The Herbfarm is located outside Seattle, Washington, in the city of Woodinville. It was one of the first modern restaurants in America to focus solely on preparing regional foods from local sources. Other well-known practitioners include Alice Waters' Chez Panisse in Berkeley, California, the Sooke Harbour House in British Columbia, and Odessa Piper's L'Etoile in Madison, Wisconsin. Like those restaurants, it is a member of Slow Food, an international movement to preserve artisanal food.

The Herbfarm began not as a restaurant but as an herbal nursery in 1974. In 1986, Ron Zimmerman joined the establishment along with his wife, Carrie Van Dyck. That year they converted a farm garage into a small restaurant and named it The Herbfarm.

In January 1997, a fire destroyed the restaurant. Difficulties in securing building permits caused Zimmerman and Van Dyck to move in 1999 to the Hedges Wine Cellars in Issaquah, Washington. The Herbfarm opened in current Woodinville quarters in 2001.

Jerry Traunfeld, winner of the 2000 James Beard Award for "Best American Chef: Northwest and Hawaii" was the executive chef from July 1990 to November 2007. He is the author of The Herbfarm Cookbook and The Herbal Kitchen: Cooking with Fragrance and Flavor. Traunfeld has appeared on Martha Stewart Living, Better Homes and Gardens, The Splendid Table, and other American television and radio programs.

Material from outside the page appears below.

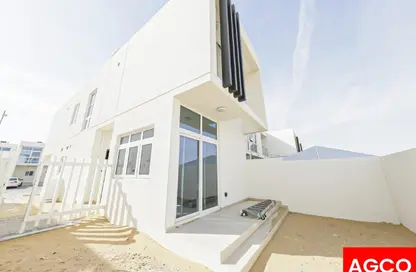 Townhouse - 3 Bedrooms - 5 Bathrooms for rent in Centaury - The Roots DAMAC Hills 2 - Damac Hills 2 - Dubai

As of 2018, Chris Weber was the youngest chef, of any of America's 47 5-Diamond restaurants.

== Recognition ==
- In 2012, The Herbfarm was listed as #33 on Opinionated About Dining's list of the Top 100 US Restaurants
- In 2005, The Herbfarm was honored as "Restaurant of the Year" at the third annual Washington Wine Restaurant Awards.
- In 2005 it was awarded first place in Restaurant Hospitality's 16th Annual Best Wine Lists in America Competition.
- In 2002, and every year since, The Herbfarm earned the AAA Five Diamond award (Highest Rating: 1 of 49 in America).